ASSIGNMENT:
Find the line below with "Once it has" and the line with "Just select Publish.". Output them and the lines between, exactly, but not the pictures.

DATASET CONTENT:
_____
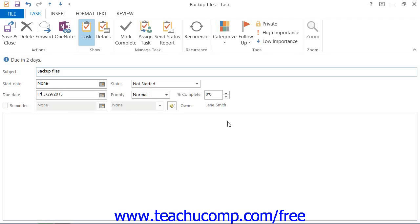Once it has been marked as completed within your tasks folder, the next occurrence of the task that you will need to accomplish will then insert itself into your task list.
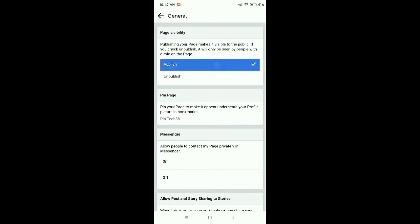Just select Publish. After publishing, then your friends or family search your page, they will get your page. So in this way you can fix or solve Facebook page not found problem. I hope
_____
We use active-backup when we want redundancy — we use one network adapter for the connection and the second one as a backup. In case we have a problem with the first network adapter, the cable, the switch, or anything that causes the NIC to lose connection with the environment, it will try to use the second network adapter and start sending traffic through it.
_____
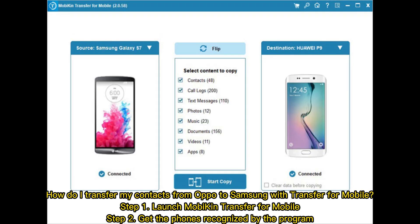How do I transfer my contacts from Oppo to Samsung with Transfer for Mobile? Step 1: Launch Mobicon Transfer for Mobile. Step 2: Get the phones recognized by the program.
_____
ANSWER SPACE:
Once it has been marked as completed within your tasks folder, the next occurrence of the task that you will need to accomplish will then insert itself into your task list.
Just select Publish. After publishing, then your friends or family search your page, they will get your page. So in this way you can fix or solve Facebook page not found problem. I hope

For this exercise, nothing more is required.